Reflected in the titles of his albums and globetrotting songs – and even the stage name Dirty Beaches – is the strong sense of place and atmosphere Alex Zhang Hungtai evokes in his music, conjuring up visions of paradise after the fall as a setting for his snapshots of love gone wrong and bad. Born in Taipei, growing up in Honolulu and Canada, recording in Montreal and Berlin, Hungtai seems most at home when he’s not at home, a feeling that definitely stood out on Dirty Beaches’ striking debut Badlands, which worked like a mixtape of reconstructed old-timey rock ‘n’ roll for a road trip to an alternate reality. On the ambitious, enigmatic double EP Drifters/Love Is the Devil, Hungtai has swapped out the open road for a more urban backdrop with an ominous experimental sound that’s coated in the scuzz and grime of big city streets. Hungtai is still a vagabond who’s running from himself even as he tries to find himself, it’s just that, this time, he’s seeking solace in dive bars, after-hours clubs, and generally anywhere a rebel with a cause like him can get into trouble with the wrong look to the wrong guy or the right one to the wrong girl.
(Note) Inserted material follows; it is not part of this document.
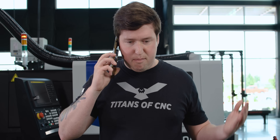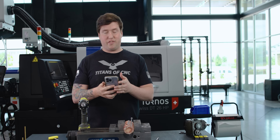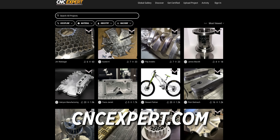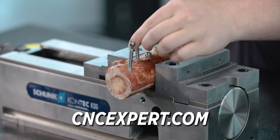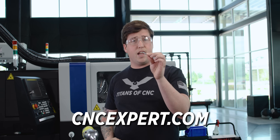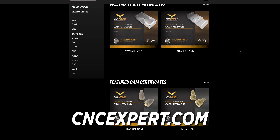You're telling me this guy doesn't have the money for his down payment on a surgery? Looks like we're gonna have to take the screws out. Look, if you don't want to wind up like this, you need to get on CNC Expert right now and check out our new platform. It's a great way to showcase your skills to the whole world to get that next-level job, so you don't have to wind up having bone screws taken out. Get on CNC Expert right now and check it out.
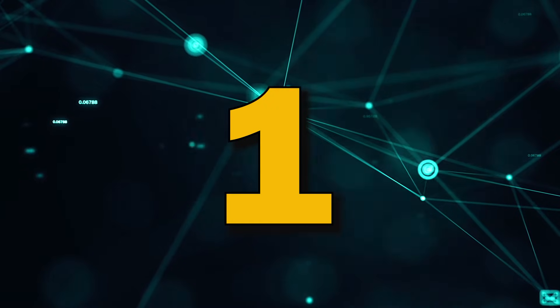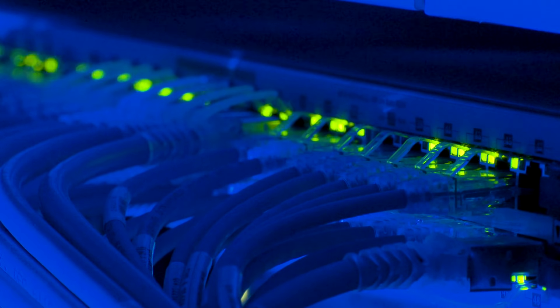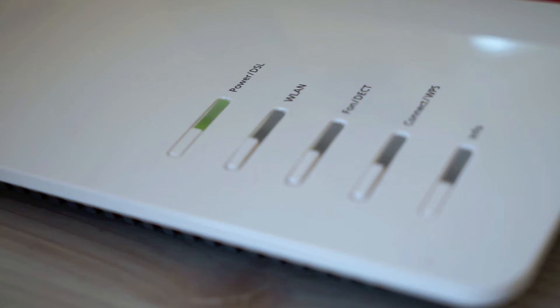Step 1: Connect your TV to the Internet. First things first, before you can download any apps, you'll need to make sure your smart TV is connected to the Internet. Using your remote, go to the Settings menu and select Network or Internet. From here, choose your Wi-Fi network and enter the password. Once you're connected, you're ready to start downloading apps.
So while the music still gives you the sense that Hungtai is up to no good, there’s an obvious shift in ambiance and tone right from the start on Drifters, its seedy discotheque vibe bearing few traces of the more rock-centric approach of Badlands. Of the two eight-piece mini-albums, Drifters is the more approachable – though that’s only relatively speaking – as Hungtai’s scarred, hushed vocals wind their way through simmering low-budget electronics. Dark techno-pop at its most primal and raw, opening tracks “Night Walk” and “I Dream in Neon” are street tough numbers, strutting along to programmed beats and effects-heavy rhythmic elements. In particular, “I Dream in Neon” makes the most of the lo-fi, on-the-cheap electro sound Dirty Beaches are going for this time out, with a synth loop that almost seems like it was ripped from “Tainted Love”, then mucked up in fuzz. On “Casino Lisboa”, the down-and-dirty groove that the early part of Drifters rides on turns more sinister, as Hungtai mutters menacingly about neon lights, posing like he’s hardened, only to have the agitated tenor of the music betray that he’s not quite at that point where he’s got nothing to lose.
The tense build-up and unsettling mood music of Drifters can make you wish there was a little more there there, though, especially when the almost 10-minute “Mirage Hall” drones on with only a snappy drum program keeping you going. Indeed, it’s ultimately the more viscerally engaging and direct moments that spell out what all the tormented atmospherics and subterranean frequencies are getting at, as Hungtai’s most prominent vocal turns sink deeper into his chaotic psyche. The most straightforward and melodically memorable number on both EPs, “Elli” finds Hungtai playing a nervewracked voyeur, though he’s really just spying on himself, as his internal monologue asks his object of attention, “Elli, Elli, what do you see? / What do you see about me?,” as ping-ponging synth effects raise the stakes and blood pressure here. Instead of coming off as obsessively desperate as he does on “Elli”, “Au Revoir Mon Visage” turns out to be more harrowing in its unflinching self-examination, as a threatening beat accompanies Hungtai’s soul searching when he howls the title line, which translates to “Goodbye to my face.” Since much of Drifters keeps you on edge without finding a release, there’s something to be said for coming to a resolution as Hungtai does on “Au Revoir Mon Visage”, even when it’s a troubling, disquieting one.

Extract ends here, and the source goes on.